その一方で桜とは真反対に思われてしまう花もあります。先日頂いたTさんの手紙にそれがありました。Tさんは毎年近くの寺にあるハクモクレンの花を楽しみにご覧になっているのだそうですが今年は咲くのが早かったのか、お出でになった時には池の水面を覆いつくすほどに散ってしまっていたのだそうです。

 その時、Tさんに思い浮かんだのは「無情、色即是空」という言葉だったそうです。純白で清浄な花を思っていれば当然でありましょう。茶色に変色した花の無残な姿を見てTさんは「こんな風に思いたくはないのですが、汚い!」としか思えず、同時にその様が「花の屍体のようで恐ろしく」感じられたと言います。

 Tさんは最後に「私はハクモクレンの何を見ていたのでしょう」と言われましたが、この言葉に私も改めて気づかされるものがありました。Tさんおっしゃる通り、散った花びらは花の屍体です。桜もハクモクレンも散った花びらは屍体です。花はどんなに美しく咲いても必ず散る時が来ます。それが無常。色即是空です。

 色即是空を言う般若心経に「是諸法空相。不生不滅。不垢不浄。不増不減。」という言葉があります。諸法空相とは一切のものは空ということであり、私流に空を無常と考えれば、一切のものは無始無終の無常です。そこに生滅はありませんし増減もありません。不垢(きれい)も不浄(汚い)もないのです。

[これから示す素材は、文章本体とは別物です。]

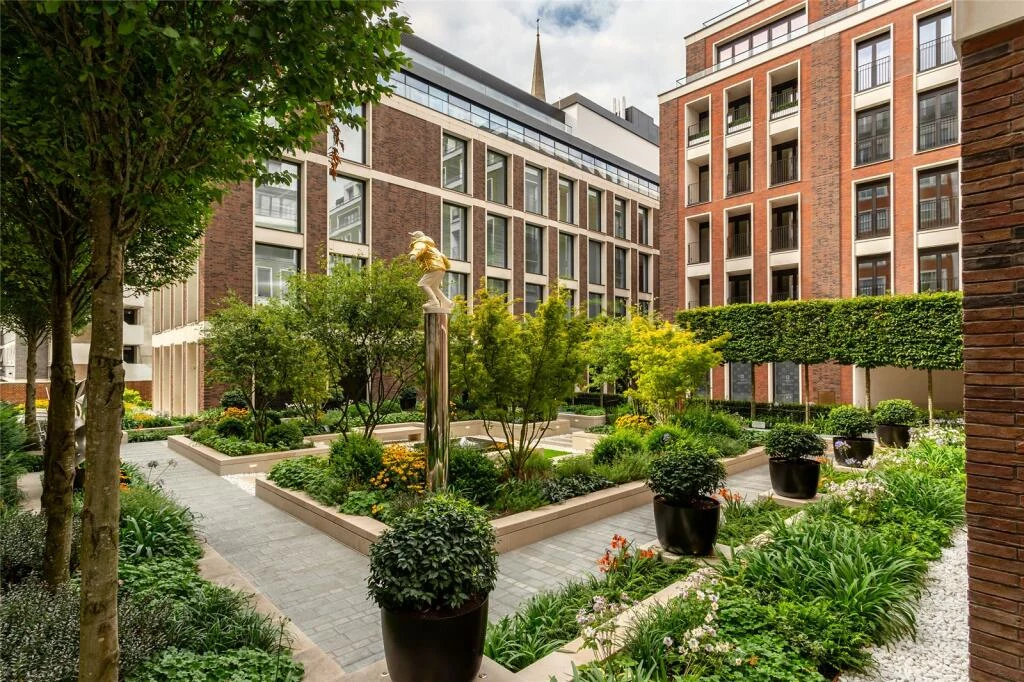 Lancer Square Kensington Courtyard Garden Sculpture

 花が咲いてきれいと思い、散って汚いと思うのは人情です。人間の勝手な思い込みです。花は人に見せたくて咲いているのではありません。精一杯生きていることが花に見えているのです。つぼみが花と咲き花が散って実を結ぶ。それは無常です。人間にとって時に「無情」でもあるのが「無常」でありましょう。